(Web page caption snippets)
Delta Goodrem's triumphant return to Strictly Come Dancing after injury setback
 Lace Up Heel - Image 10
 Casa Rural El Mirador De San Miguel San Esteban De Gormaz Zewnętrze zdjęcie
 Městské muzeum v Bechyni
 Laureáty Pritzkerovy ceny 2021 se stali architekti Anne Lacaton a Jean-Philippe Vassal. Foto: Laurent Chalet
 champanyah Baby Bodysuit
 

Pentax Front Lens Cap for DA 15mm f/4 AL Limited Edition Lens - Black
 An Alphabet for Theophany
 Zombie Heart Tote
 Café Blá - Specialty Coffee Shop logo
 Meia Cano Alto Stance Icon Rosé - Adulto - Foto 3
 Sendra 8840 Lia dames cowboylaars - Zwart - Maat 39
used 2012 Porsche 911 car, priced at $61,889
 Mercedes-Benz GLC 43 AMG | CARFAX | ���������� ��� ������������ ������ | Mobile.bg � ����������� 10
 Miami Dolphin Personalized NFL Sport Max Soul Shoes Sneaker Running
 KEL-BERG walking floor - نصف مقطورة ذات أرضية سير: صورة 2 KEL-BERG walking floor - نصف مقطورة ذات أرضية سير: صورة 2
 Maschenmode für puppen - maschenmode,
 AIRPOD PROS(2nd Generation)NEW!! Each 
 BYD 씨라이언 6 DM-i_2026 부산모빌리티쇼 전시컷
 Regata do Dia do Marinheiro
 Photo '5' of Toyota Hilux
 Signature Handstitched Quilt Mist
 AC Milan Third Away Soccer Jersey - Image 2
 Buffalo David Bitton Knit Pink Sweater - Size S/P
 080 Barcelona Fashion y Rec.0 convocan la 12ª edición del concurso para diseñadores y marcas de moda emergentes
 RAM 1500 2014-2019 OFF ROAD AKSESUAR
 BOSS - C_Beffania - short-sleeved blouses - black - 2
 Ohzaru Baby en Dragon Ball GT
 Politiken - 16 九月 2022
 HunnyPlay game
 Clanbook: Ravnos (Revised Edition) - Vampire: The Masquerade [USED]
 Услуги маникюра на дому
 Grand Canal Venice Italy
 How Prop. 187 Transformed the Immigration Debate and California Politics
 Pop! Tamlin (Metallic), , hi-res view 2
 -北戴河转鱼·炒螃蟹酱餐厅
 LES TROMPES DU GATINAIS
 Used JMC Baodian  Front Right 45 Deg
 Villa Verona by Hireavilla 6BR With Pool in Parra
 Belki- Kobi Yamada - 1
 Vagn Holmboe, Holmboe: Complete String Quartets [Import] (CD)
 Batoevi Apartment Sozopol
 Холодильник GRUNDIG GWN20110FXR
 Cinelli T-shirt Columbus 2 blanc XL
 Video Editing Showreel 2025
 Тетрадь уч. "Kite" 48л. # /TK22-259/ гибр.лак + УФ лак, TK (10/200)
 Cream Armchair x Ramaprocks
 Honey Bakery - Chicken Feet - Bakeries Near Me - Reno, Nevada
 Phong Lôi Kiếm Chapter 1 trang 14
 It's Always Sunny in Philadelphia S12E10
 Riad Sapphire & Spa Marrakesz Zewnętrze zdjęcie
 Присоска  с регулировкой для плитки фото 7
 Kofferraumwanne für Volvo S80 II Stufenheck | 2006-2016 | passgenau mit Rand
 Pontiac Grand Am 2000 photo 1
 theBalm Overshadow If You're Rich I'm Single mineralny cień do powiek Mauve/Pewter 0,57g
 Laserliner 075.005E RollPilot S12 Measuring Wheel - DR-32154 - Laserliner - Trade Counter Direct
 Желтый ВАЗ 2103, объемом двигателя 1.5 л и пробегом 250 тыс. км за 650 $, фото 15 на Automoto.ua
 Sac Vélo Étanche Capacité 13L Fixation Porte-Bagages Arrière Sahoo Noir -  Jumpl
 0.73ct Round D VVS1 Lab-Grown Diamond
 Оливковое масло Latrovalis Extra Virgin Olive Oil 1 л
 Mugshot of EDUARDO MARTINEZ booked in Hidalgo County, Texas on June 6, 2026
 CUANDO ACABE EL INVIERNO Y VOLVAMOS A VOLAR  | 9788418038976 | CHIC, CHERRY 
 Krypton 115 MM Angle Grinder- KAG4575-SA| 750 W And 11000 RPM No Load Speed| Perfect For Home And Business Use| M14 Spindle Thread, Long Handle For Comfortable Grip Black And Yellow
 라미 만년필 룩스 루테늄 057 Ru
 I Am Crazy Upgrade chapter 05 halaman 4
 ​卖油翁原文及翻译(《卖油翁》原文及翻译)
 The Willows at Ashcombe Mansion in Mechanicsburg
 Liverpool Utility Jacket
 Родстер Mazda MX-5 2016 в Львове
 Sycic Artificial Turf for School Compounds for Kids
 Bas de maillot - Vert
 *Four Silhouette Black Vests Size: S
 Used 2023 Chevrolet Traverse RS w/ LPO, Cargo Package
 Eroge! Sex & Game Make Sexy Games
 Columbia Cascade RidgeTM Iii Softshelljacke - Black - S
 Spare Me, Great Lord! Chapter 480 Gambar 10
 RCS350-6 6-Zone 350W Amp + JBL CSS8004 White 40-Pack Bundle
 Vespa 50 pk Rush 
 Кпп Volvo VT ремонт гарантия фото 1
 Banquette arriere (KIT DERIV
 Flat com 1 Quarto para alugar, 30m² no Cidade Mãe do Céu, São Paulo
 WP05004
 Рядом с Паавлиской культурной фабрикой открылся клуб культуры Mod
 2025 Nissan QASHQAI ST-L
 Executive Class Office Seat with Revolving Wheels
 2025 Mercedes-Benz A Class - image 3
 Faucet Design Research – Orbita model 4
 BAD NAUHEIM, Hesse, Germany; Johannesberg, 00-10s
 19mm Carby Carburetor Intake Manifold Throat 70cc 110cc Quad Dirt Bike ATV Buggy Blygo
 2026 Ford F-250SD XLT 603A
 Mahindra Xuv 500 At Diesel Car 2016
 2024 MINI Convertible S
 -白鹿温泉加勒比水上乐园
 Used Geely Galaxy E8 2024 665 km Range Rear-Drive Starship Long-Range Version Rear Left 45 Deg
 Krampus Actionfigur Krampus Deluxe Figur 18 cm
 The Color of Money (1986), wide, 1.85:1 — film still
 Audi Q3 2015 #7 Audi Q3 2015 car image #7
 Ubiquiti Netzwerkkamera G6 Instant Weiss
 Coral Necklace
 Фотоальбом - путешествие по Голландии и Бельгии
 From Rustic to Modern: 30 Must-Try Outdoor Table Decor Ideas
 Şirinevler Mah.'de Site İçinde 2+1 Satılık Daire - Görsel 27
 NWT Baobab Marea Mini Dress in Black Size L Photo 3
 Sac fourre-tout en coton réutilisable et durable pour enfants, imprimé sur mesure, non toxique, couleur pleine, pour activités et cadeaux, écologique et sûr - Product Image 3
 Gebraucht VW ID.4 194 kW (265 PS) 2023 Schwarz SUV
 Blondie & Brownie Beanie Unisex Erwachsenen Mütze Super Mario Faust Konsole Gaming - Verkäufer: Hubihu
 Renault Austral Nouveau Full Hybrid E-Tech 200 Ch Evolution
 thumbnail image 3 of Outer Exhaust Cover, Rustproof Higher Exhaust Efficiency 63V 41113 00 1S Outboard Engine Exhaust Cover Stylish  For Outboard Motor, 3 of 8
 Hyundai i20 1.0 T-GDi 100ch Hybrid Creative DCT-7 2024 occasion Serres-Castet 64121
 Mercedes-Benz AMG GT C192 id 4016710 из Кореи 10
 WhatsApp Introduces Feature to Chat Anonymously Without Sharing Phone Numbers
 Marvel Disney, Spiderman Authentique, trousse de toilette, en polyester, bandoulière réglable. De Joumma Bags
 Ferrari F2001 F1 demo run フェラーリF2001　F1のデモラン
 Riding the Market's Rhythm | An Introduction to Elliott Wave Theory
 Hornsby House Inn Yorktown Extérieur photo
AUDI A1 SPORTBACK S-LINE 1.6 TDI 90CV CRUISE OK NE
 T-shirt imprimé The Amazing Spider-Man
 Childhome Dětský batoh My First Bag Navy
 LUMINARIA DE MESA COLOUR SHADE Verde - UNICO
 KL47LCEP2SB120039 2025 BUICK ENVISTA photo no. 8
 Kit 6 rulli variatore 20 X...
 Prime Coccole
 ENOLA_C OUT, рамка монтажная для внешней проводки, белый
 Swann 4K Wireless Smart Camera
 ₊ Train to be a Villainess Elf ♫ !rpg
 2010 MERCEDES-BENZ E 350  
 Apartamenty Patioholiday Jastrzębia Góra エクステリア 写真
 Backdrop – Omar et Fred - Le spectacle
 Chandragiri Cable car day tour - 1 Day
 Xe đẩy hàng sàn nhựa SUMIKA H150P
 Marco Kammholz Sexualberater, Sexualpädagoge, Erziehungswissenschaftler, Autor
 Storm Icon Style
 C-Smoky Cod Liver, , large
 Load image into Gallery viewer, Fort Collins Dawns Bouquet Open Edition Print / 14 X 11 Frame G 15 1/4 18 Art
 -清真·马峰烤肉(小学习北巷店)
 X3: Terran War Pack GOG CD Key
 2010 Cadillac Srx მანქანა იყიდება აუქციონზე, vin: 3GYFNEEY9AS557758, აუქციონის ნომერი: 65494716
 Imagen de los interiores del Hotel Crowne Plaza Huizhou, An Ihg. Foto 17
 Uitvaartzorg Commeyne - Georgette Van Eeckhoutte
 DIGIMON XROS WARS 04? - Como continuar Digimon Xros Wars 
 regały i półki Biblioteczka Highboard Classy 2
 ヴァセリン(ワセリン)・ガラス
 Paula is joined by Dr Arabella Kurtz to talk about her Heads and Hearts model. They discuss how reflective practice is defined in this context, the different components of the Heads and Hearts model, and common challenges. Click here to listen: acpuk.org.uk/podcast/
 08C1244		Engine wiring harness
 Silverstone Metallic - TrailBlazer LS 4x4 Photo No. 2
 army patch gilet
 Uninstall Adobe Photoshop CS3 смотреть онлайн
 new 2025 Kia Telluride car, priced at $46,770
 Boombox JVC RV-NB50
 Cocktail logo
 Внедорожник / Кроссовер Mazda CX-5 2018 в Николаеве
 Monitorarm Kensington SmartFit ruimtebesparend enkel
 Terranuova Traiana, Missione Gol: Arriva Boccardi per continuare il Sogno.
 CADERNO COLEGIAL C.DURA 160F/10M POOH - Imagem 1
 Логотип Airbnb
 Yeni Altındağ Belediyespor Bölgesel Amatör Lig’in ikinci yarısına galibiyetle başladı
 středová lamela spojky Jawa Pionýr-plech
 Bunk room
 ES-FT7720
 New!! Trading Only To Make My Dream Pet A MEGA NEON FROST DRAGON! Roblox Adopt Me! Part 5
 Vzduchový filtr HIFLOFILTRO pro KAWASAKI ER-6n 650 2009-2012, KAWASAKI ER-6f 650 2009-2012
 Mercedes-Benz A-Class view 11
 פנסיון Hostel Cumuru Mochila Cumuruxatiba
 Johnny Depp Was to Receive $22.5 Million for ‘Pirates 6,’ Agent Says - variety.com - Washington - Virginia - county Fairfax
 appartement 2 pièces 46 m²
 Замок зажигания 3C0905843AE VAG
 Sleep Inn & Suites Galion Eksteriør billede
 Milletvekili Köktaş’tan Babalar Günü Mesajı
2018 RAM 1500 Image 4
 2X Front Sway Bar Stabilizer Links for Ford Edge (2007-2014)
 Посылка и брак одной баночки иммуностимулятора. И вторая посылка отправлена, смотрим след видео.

> DIRECTIONS FOR THIS TASK
Look above for the line holding "Cinelli T-shirt Columbus 2 blanc XL" and the line holding "Columbia Cascade RidgeTM", then output exactly those two lines and every line between them, nothing more.

> RESULT FOR THIS TASK
 Cinelli T-shirt Columbus 2 blanc XL
 Video Editing Showreel 2025
 Тетрадь уч. "Kite" 48л. # /TK22-259/ гибр.лак + УФ лак, TK (10/200)
 Cream Armchair x Ramaprocks
 Honey Bakery - Chicken Feet - Bakeries Near Me - Reno, Nevada
 Phong Lôi Kiếm Chapter 1 trang 14
 It's Always Sunny in Philadelphia S12E10
 Riad Sapphire & Spa Marrakesz Zewnętrze zdjęcie
 Присоска  с регулировкой для плитки фото 7
 Kofferraumwanne für Volvo S80 II Stufenheck | 2006-2016 | passgenau mit Rand
 Pontiac Grand Am 2000 photo 1
 theBalm Overshadow If You're Rich I'm Single mineralny cień do powiek Mauve/Pewter 0,57g
 Laserliner 075.005E RollPilot S12 Measuring Wheel - DR-32154 - Laserliner - Trade Counter Direct
 Желтый ВАЗ 2103, объемом двигателя 1.5 л и пробегом 250 тыс. км за 650 $, фото 15 на Automoto.ua
 Sac Vélo Étanche Capacité 13L Fixation Porte-Bagages Arrière Sahoo Noir -  Jumpl
 0.73ct Round D VVS1 Lab-Grown Diamond
 Оливковое масло Latrovalis Extra Virgin Olive Oil 1 л
 Mugshot of EDUARDO MARTINEZ booked in Hidalgo County, Texas on June 6, 2026
 CUANDO ACABE EL INVIERNO Y VOLVAMOS A VOLAR  | 9788418038976 | CHIC, CHERRY 
 Krypton 115 MM Angle Grinder- KAG4575-SA| 750 W And 11000 RPM No Load Speed| Perfect For Home And Business Use| M14 Spindle Thread, Long Handle For Comfortable Grip Black And Yellow
 라미 만년필 룩스 루테늄 057 Ru
 I Am Crazy Upgrade chapter 05 halaman 4
 ​卖油翁原文及翻译(《卖油翁》原文及翻译)
 The Willows at Ashcombe Mansion in Mechanicsburg
 Liverpool Utility Jacket
 Родстер Mazda MX-5 2016 в Львове
 Sycic Artificial Turf for School Compounds for Kids
 Bas de maillot - Vert
 *Four Silhouette Black Vests Size: S
 Used 2023 Chevrolet Traverse RS w/ LPO, Cargo Package
 Eroge! Sex & Game Make Sexy Games
 Columbia Cascade RidgeTM Iii Softshelljacke - Black - S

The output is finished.